OSFR was mentioned in the write-up about the Alligator Lake cleanup, even though our organization did not sponsor this one, thanks to Merrillee Malwitz-Jipson who took part in the project. As did Steven Scott, active in the Friends of Rum Island Park regular maintenance and cleanups.
Kudos to Tim Stokes for initiating this project and to those participating.
The original article was in the Jan. 20, 2019 Lake City Reporter, to which no link is provided.
Comments by OSFR historian Jim Tatum.
-A river is like a life: once taken, it cannot be brought back-
Volunteers take on trash problem at Alligator Lake over weekend
Alligator Lake got a facelift Saturday thanks to a local fisherman whose angry Facebook post turned into a full-blown cleanup in under a week, when he rallied troops to remove trash from the local landmark. By 11 a.m. nearly 100 pounds of solid waste, including plastics and styrofoam, had been dredged from the lake by 20 or so people who devoted the start of their weekend to clean up the largest of the bodies of water that gives Lake City its name.
They came equipped with boats, canoes and kayaks. Armed with buckets and pickers, they got to work around 7 a.m. Lake City resident Tim Stokes’ social media post was the impetus behind the quickly organized cleanup. “I’m tired of seeing all the trash in Alligator Lake … I’m wondering how many volunteers with a boat I could get together on a Saturday and just have a big cleanup of the lake,” Stokes wrote Sunday, January 13.
On Saturday volunteers from across Alachua, Columbia and Suwannee counties responded. For some, like Stokes, this was their first cleanup effort, while others there were seasoned environmental veterans and clean-water advocates with decades of experience cleaning local waterways. Lake City Public Works Department employees Mickle Grisson and Jeff Smedley were stationed at Halpatter Park handing out trash bags and gloves, ready to haul the boatloads of garbage to nearby dumpsters.

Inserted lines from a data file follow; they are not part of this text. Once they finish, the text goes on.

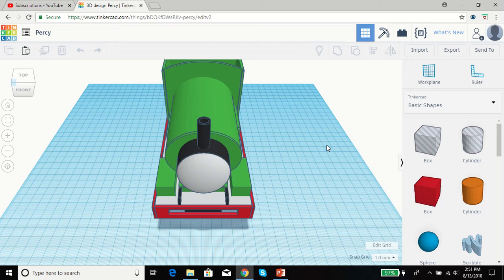Hello everyone, this is EngineFan020 back with yet another video. This one is a little bit of an update of Gage 1 Percy.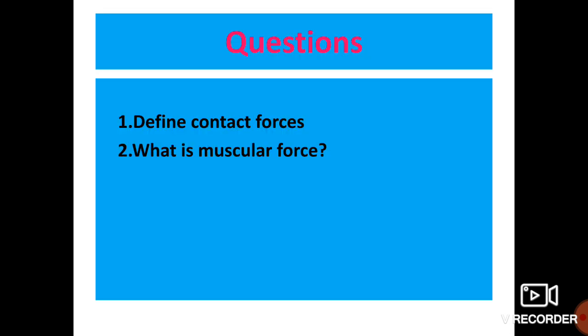Hope you understood the concept. Now try to answer these questions. First question: Define contact forces. Second question: What is muscular force?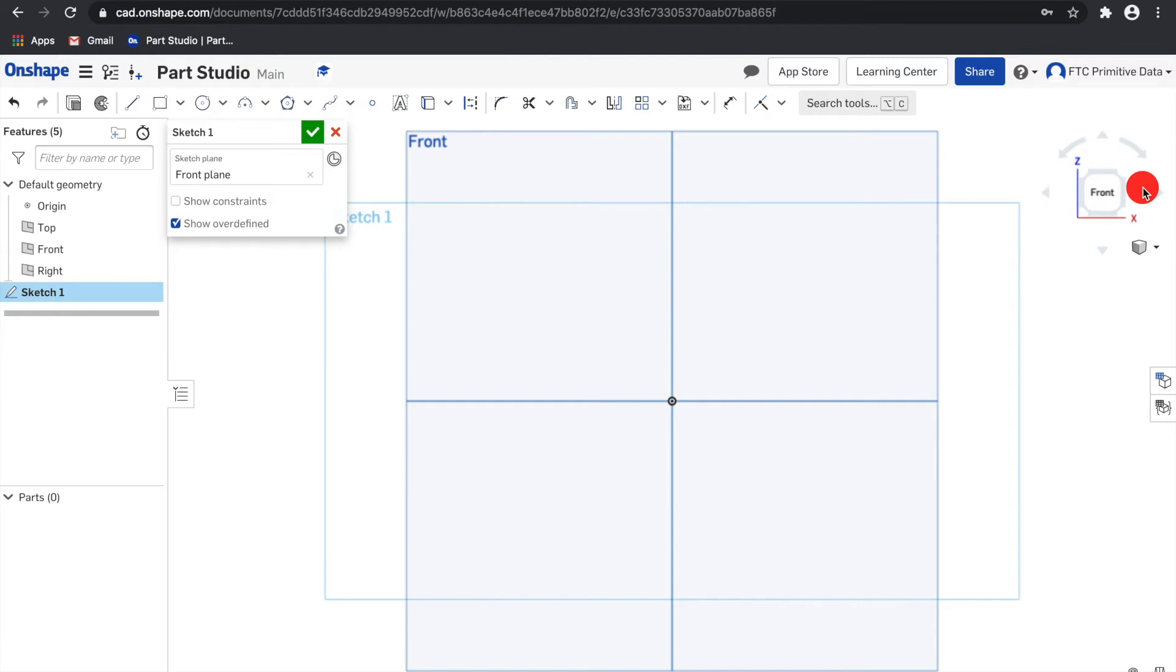Hello everyone. Welcome back to the Onshape for FTC Mini Series. In the second video, we went over the basic sketching tools. And today, we'll be covering more tools.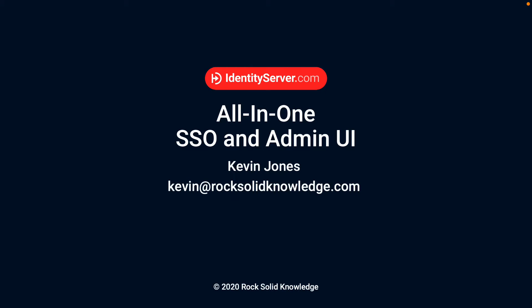Hi, my name is Kevin Jones from RockSolid Knowledge, and welcome to this talk on setting up the all-in-one SSO and admin UI Docker image.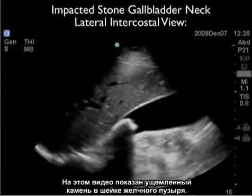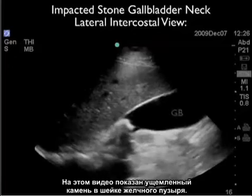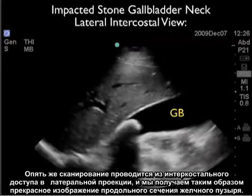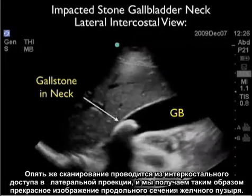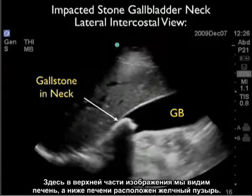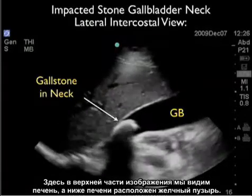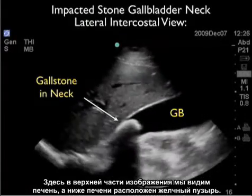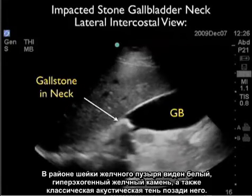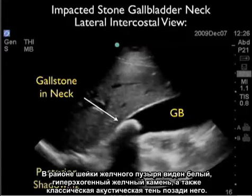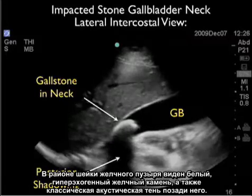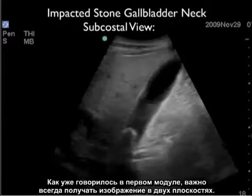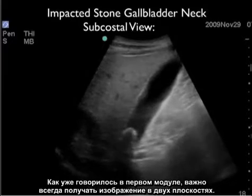Here's a video clip showing an impacted stone at the gallbladder neck, again taken from the lateral intercostal view that gives great long axis views of the gallbladder. We see the liver at the top of the image and the gallbladder inferior to the liver. Towards the neck of the gallbladder, we see a white hyperechoic gallstone with the classic posterior acoustic shadowing. As mentioned in Module 1, it's always important to look at the gallbladder in two orientations.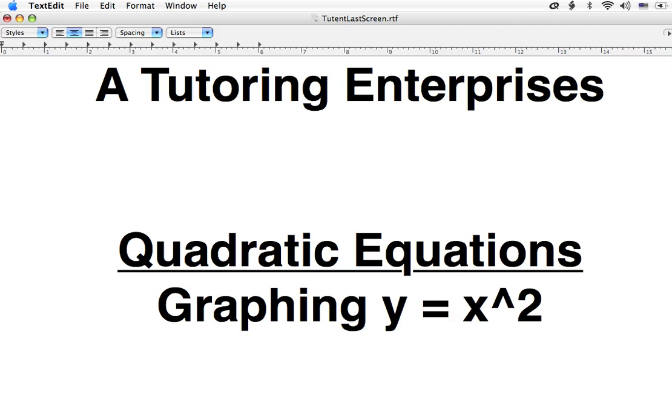Hi, this is Joe Maciars from A Tutoring Enterprises. Today I want to study the quadratic equation, very specifically y equals x squared. We want to know how do we graph that.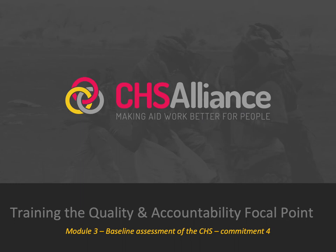Hello and welcome. We're in Module 3 of the CHS Training for Quality and Accountability Focal Points. We're looking at what you need to know on each commitment of the CHS in order to support your organisation's implementation of these commitments. In this presentation, we're going to look at Commitment 4.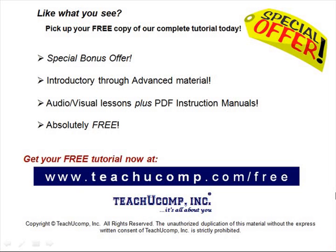Like what you see? Pick up your free copy of the complete tutorial at www.teachucomp.com forward slash free.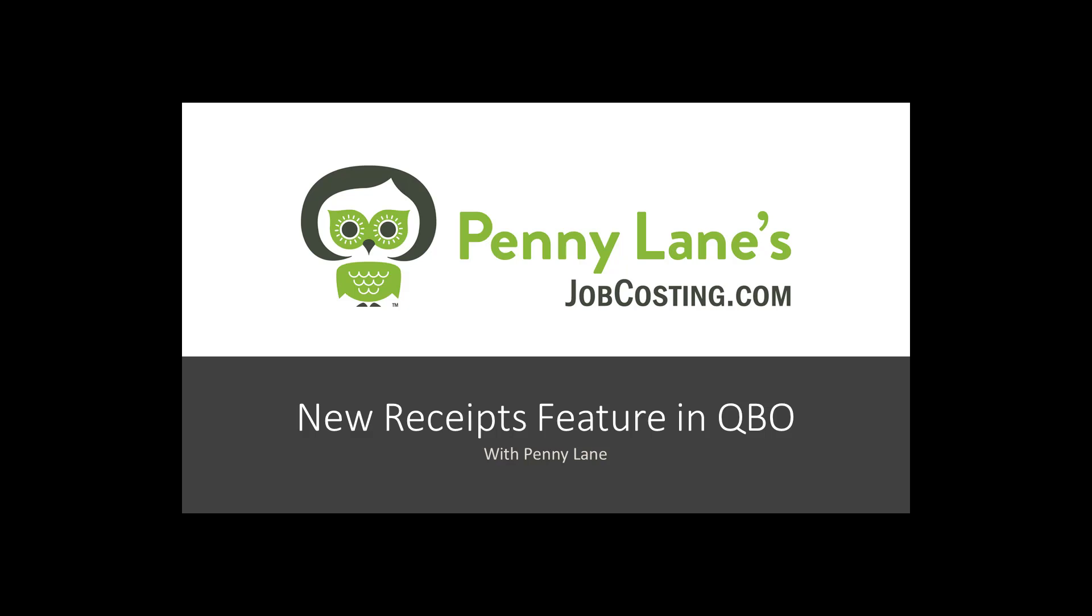Hello and welcome. This is Penny Lane with JobCosting.com and today I'm going to share with you my insights about the new receipts feature in QuickBooks Online.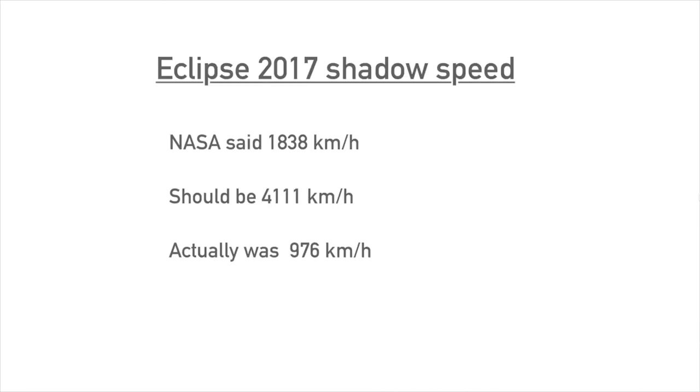We know the actual speed of the eclipse shadow, which was calculated to be 976 kilometers per hour including earth's rotation speed. This has been measured and proves that the moon cannot be traveling at the speed and/or distance that NASA claims, or that the object causing the eclipse was not the moon.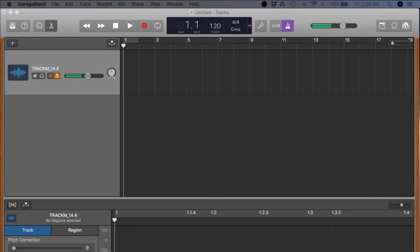Hello everybody. Today I'm going to show you how to use GarageBand to create your very own audio loops.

At 10 a.m. they said they had taken three hauls of trash at an estimated 50 pounds. Just before 11 a.m., Stokes brought the three bags he had collected back to shore. “My (boat’s) battery is dead so I’m done for now,” said Stokes. “Outstanding,” was how he described the event. “I was hopeful. I kind of thought there would be a lot of people that you know said they would come and didn’t, but it turned out real good.”
He said the impromptu event spawned talks of further meetings to help clean local waterways. Lake City resident Benny Smollack helped troll the shoreline for trash. “It was needed, there was a lot of junk along the trail ways,” said Smollack. For William Laureano, of South Carolina, it was his first time on Alligator Lake and on a kayak. “A friend of mine told me about it,” Laureano said. “I like to help.”
Steven Scott volunteers regularly with Gainesvillebased Current Problems, which works to remove debris from springs, rivers and sinkholes. He said he was impressed the effort came together in only a week. “I think it’s awesome,” Scott said.
Merrillee Malwitz-Jipson, co-owner of Rum 138, a Fort White-based art gallery that serves as headquarters of Our Santa Fe River Inc., is highly active in clean-water advocacy and cleanup efforts across the region. She was among the first volunteers to arrive Saturday.